One of the world’s greatest toy shops, Hamleys in London, has indeed removed its pink & blue labeling, and reorganized toys by ‘type’ rather than gender appropriateness, though insisting that these decisions only relate to ‘planned alterations to improve customer flow’ rather than any external pressure. 

http://www.telegraph.co.uk/finance/newsbysector/retailandconsumer/8952627/Toy-signs-changed-after-Hamleys-accused-of-sexism.html

There is no clear answer as to whether or not we are hard-wired from or before birth to reach for a doll or a truck. Anecdotal evidence suggests that despite the efforts of retailers to present toys and games in a gender neutral way on the whole girls may still be reaching for ‘feminine’ toys and boys for the big guns. However the same anecdotal evidence also suggests that the adult holding the purse strings is also expressing disapproval as Jack or Jill reaches out for the ‘wrong’ toy. http://www.guardian.co.uk/lifeandstyle/2012/jul/20/harrods-toy-kingdom-boy-girl-divide

One woman from Cambridge has taken an extreme position by raising her son ‘gender neutral’ – refusing to tell him, or anyone else, the child’s gender, and referring to him only as “the infant”. “[She] was resolute and encouraged him to play with dolls to hide his masculinity”, and “the youngster is also encouraged to wear flowery tops at weekends”. This actually sounds as if the mother in question was using the gender-bias argument to masquerade the fact that she would have preferred a daughter. 

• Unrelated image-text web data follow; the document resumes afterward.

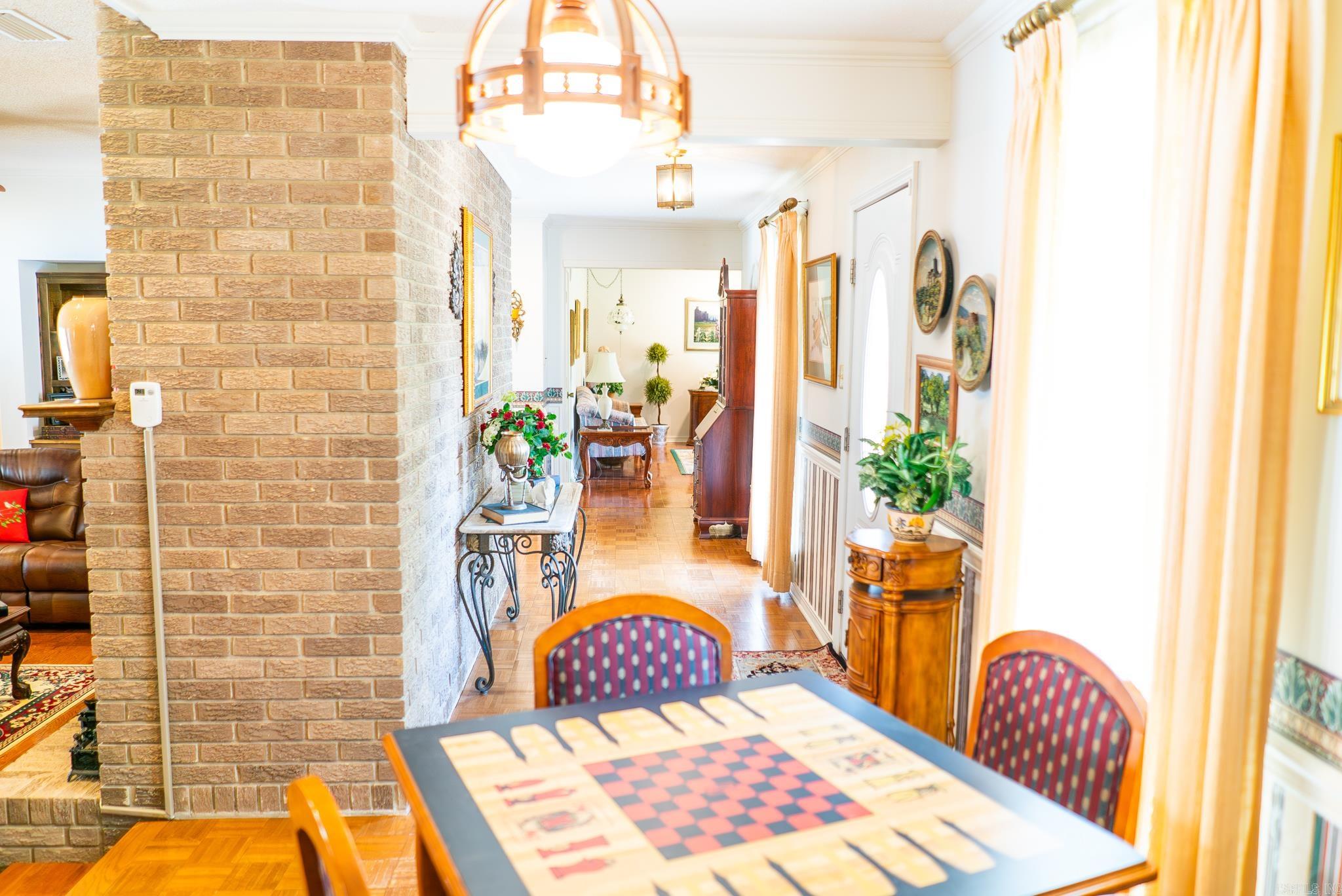 205 Baywood  Monticello, AR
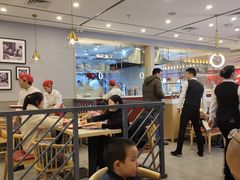 大堂-客临百思德·东北特色馆(龙湖时代天街店)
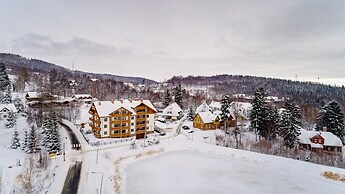 Apartamenty Sun & Snow Bawaria II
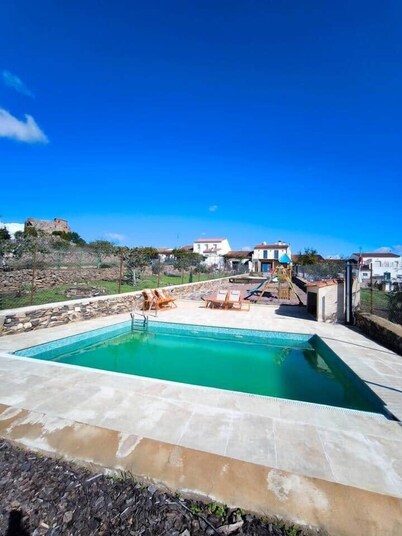 alojamiento fuerte trece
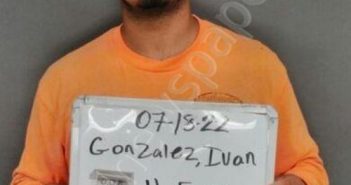 <B>GONZALES</B>, IVAN NMN #, <b>Sebastian</b> County, Arkansas, Sebastian County, Arkansas - 2022-07-18 15:01:00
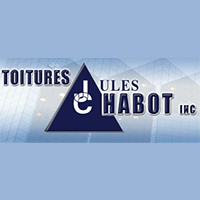 Logo Toitures Jules Chabot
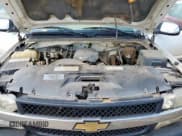 ✅ 2001 Chevrolet Silverado 2500HD LS • VIN: 1GCHK23U11F109606 • Lot: 66388275. Wystawiony na Copart z przebiegiem 189 342 mil. Bezpłatny archiwum sprzedaży aukcyjnych z USA i szczegółowy raport historii pojazdu na DreamBid. Zdjęcie 11.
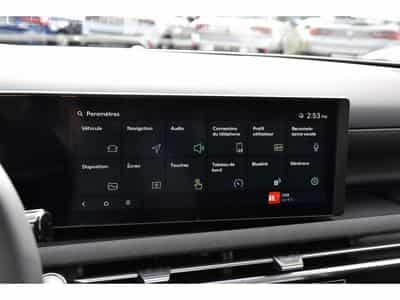 Hyundai Tucson 1.6 T-GDI Feel 7DCT ACC SIDE GPS JA18'' NEUF (2026) - Photo 13
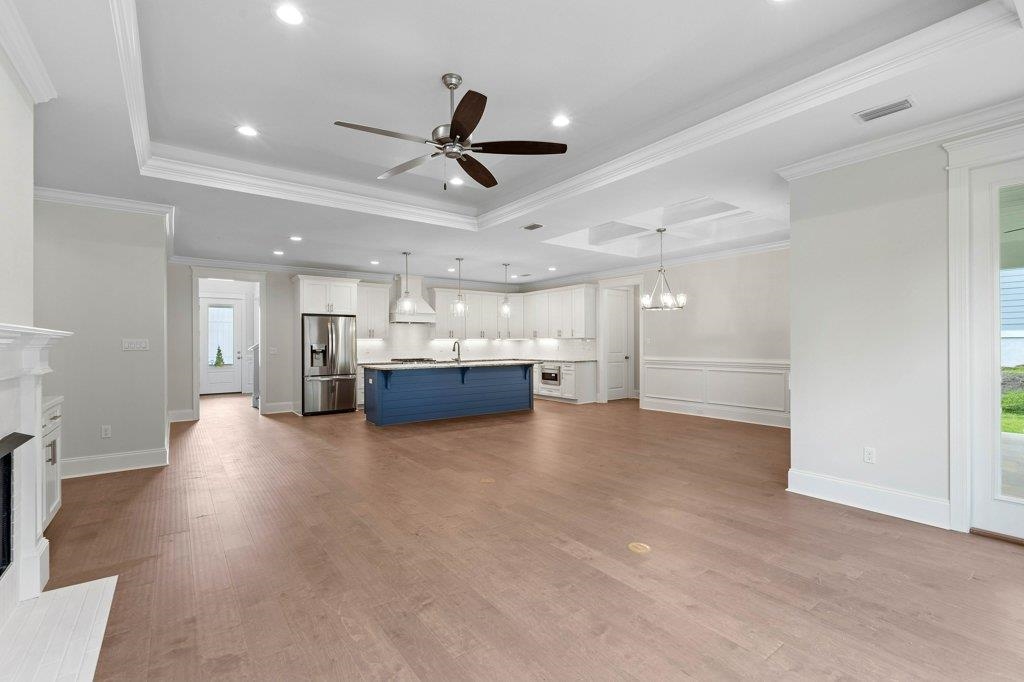 8509 Castle Pine Drive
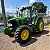 TRATOR JOHN DEERE 6115J - Ano 2022 - Imagem 1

http://www.thesun.co.uk/sol/homepage/news/4075523/Its-a-boy-Couple-reveal-sex-of-their-gender-neutral-kid-after-five-years.html

Of course, parents and retailers whilst ‘key influencers’, are not the only shapers of their children. Do we know what is happening in kindergartens and nursery schools with respect to ensuring that all children get the largest possible range of toy-experience?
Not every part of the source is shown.